200TH BIRTHDAY ANNIVERSARY OF BRAILLE INVENTOR
Blind people the world over are celebrating the 200th birthday, January 4th, of blind communication pioneer Louis Braille.
The Frenchman gave his name to the revolutionary code of six dots that help the blind read, write and do everyday things that sighted people take for granted.
Over the centuries Braille has had an enormous effect on the lives of millions of people across 120 countries worldwide. It is not a language but a code by which all languages may be written and read. The ability to read and write in Braille opens the door to literacy, intellectual freedom, equal opportunity, and personal security. It is an extremely important gateway to opportunity for the UK’s blind or partially sighted people, enabling them to be more independent.
There are 18,000 UK adults using Braille and the Royal National Institute of Blind People (RNIB) is leading the celebrations of Louis Braille’s great achievement throughout 2009.

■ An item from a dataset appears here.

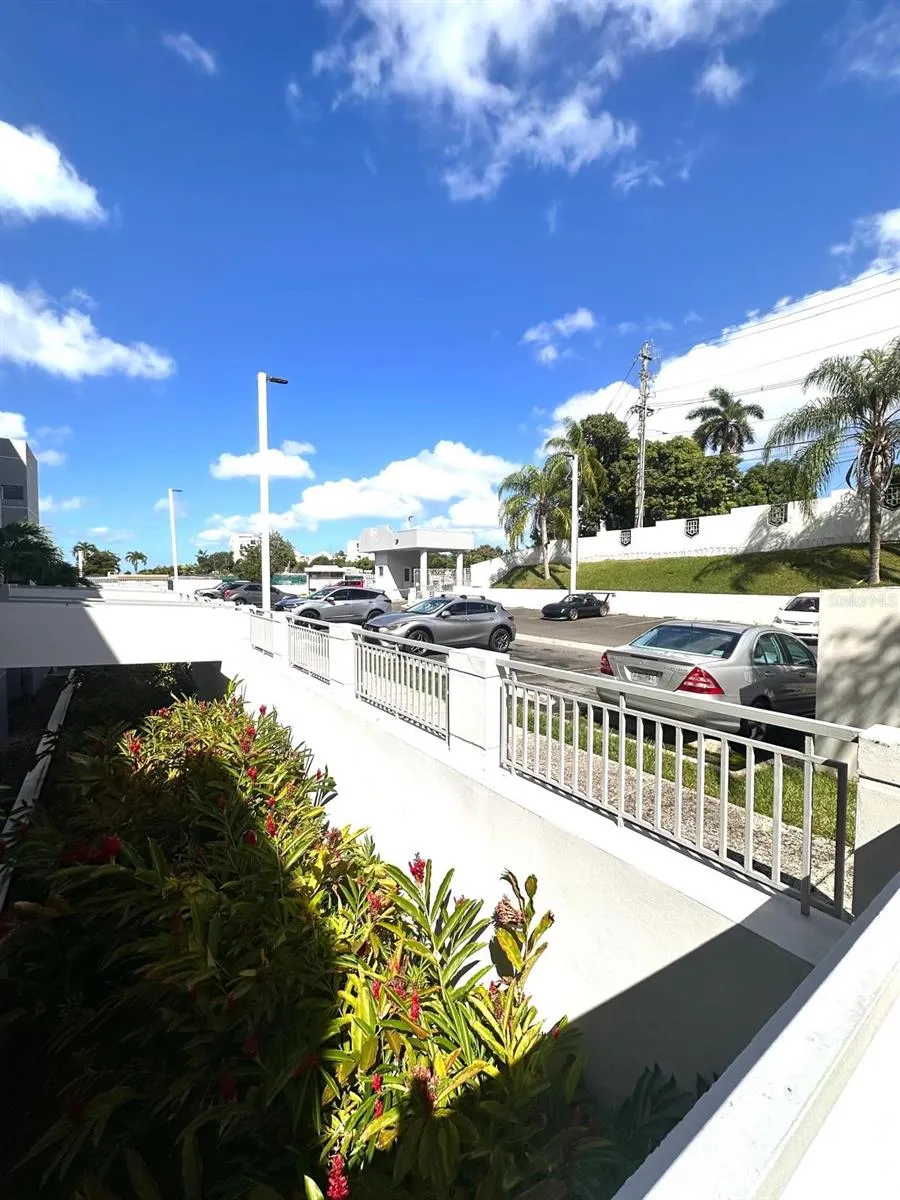 842 ROAD #140 San Juan, PR 00926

It is not simply used in books.
From selecting a music CD, choosing a tin of baked beans over spaghetti hoops, reading music, and being able to tell the difference between aspirin and paracetamol, to taking notes at a lecture – Braille means independence for blind and partially sighted people.
David Blunkett MP said: “Braille is a choice.
“For some it means a lifeline to independence, for others, access to literature or information.
“Braille can be hi-tech, or can be produced using old-fashioned means just about anywhere in the world.
“Braille opens up so many opportunities for equality, for independence, and for freedom and privacy: from a simple label on a tin or packet, through to the development of notes for speaking or delivering a statement to the House of Commons.
“RNIB has championed Braille from the charity’s very beginning, and I lend my full support to the plans to celebrate the 200th anniversary of the birth of this great man in 2009.”